> _Scraped caption text data_:

=== Section Start ===

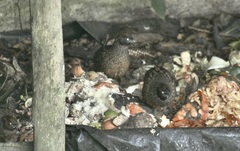 Odontophorus atrifrons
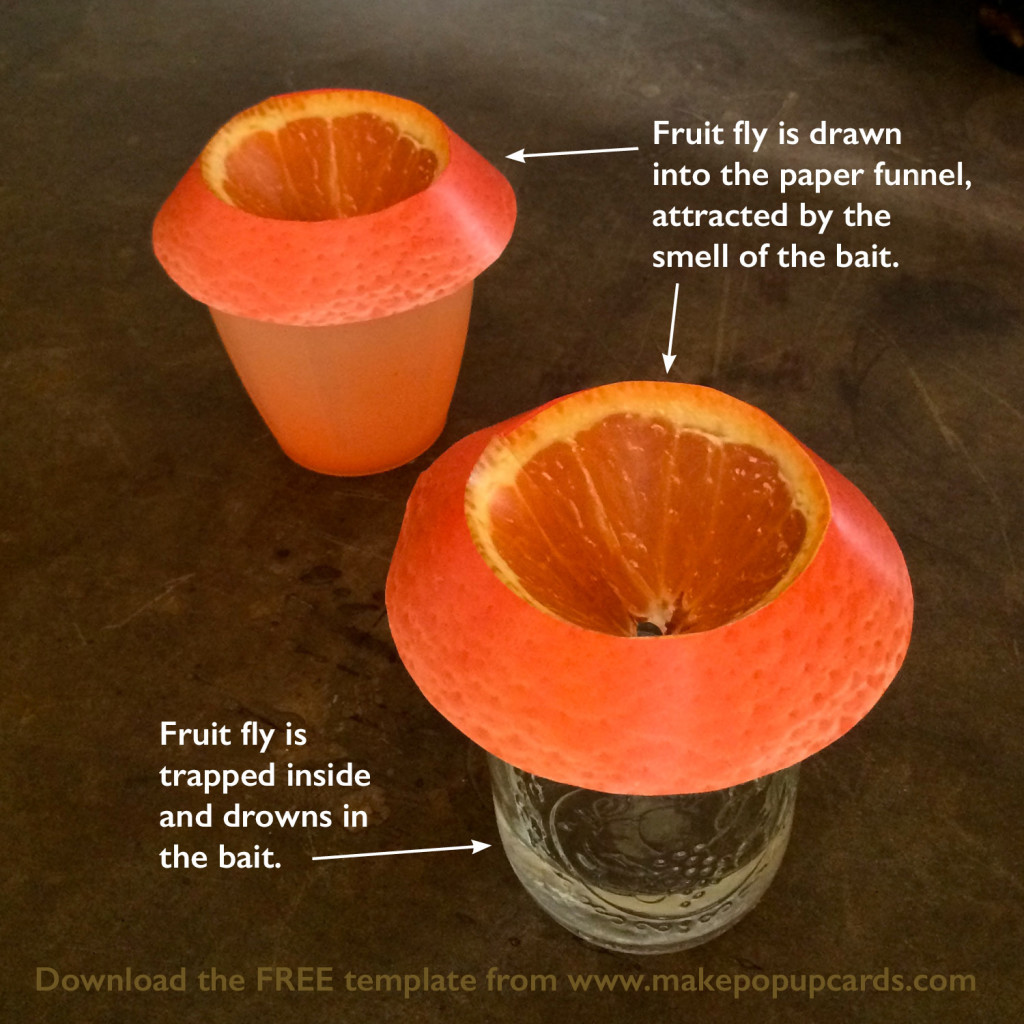 Fruit fly trap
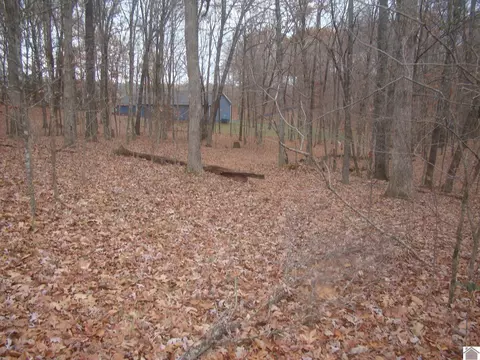 25 Timberway Dr, Cadiz, KY 42211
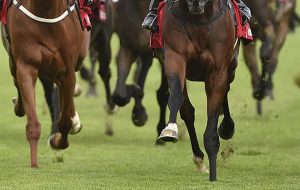Great Yarmouth wrong horse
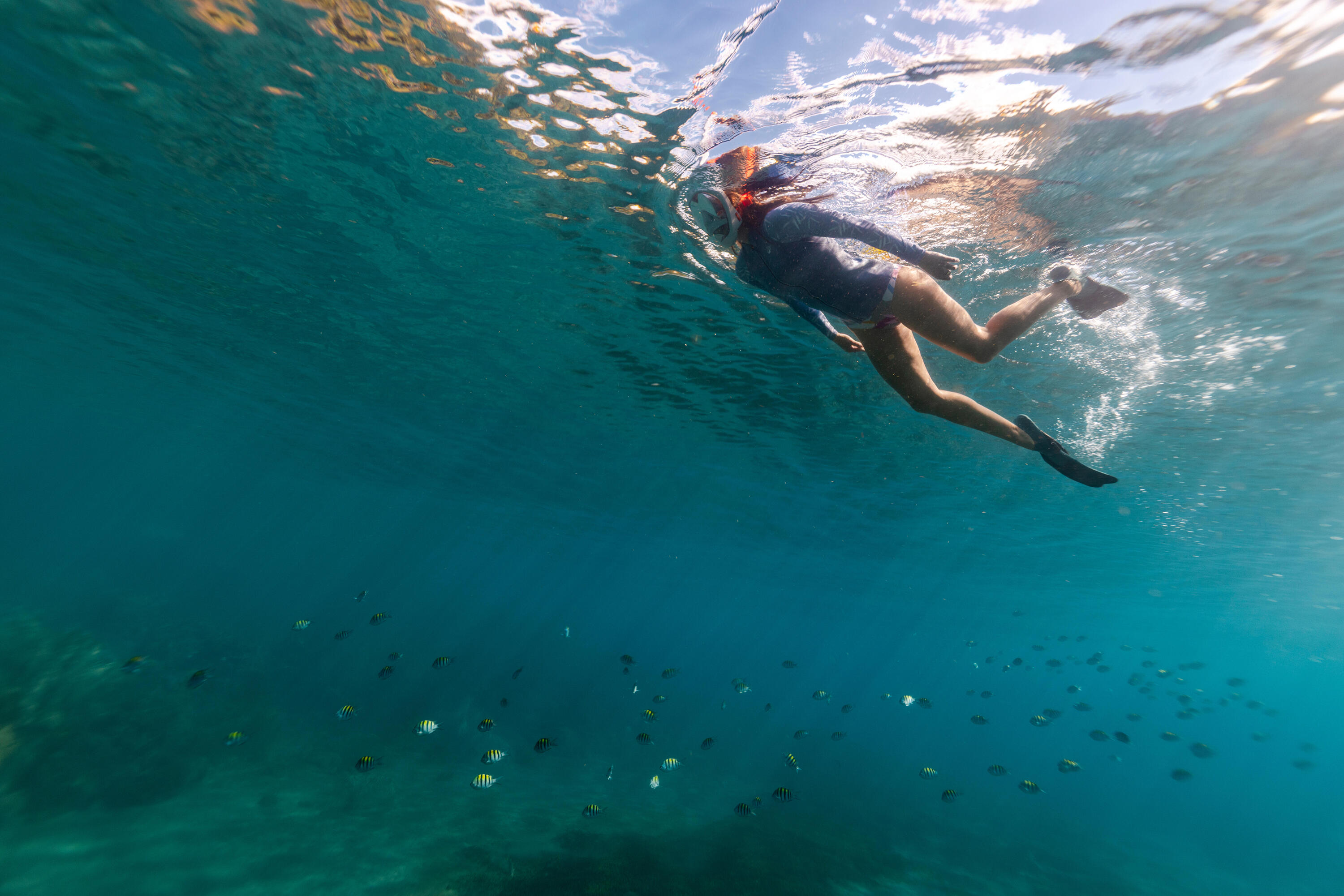 Máscara de snorkeling imersão Easybreath 900, Cinza Laranja 15/19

=== Section End ===

> _Task description_:
I need the lines from the one holding "25 Timberway Dr, Cadiz, KY 42211" through the last line of the entries set down exactly, with every picture left out.

> _Task response_:
 25 Timberway Dr, Cadiz, KY 42211
Great Yarmouth wrong horse
 Máscara de snorkeling imersão Easybreath 900, Cinza Laranja 15/19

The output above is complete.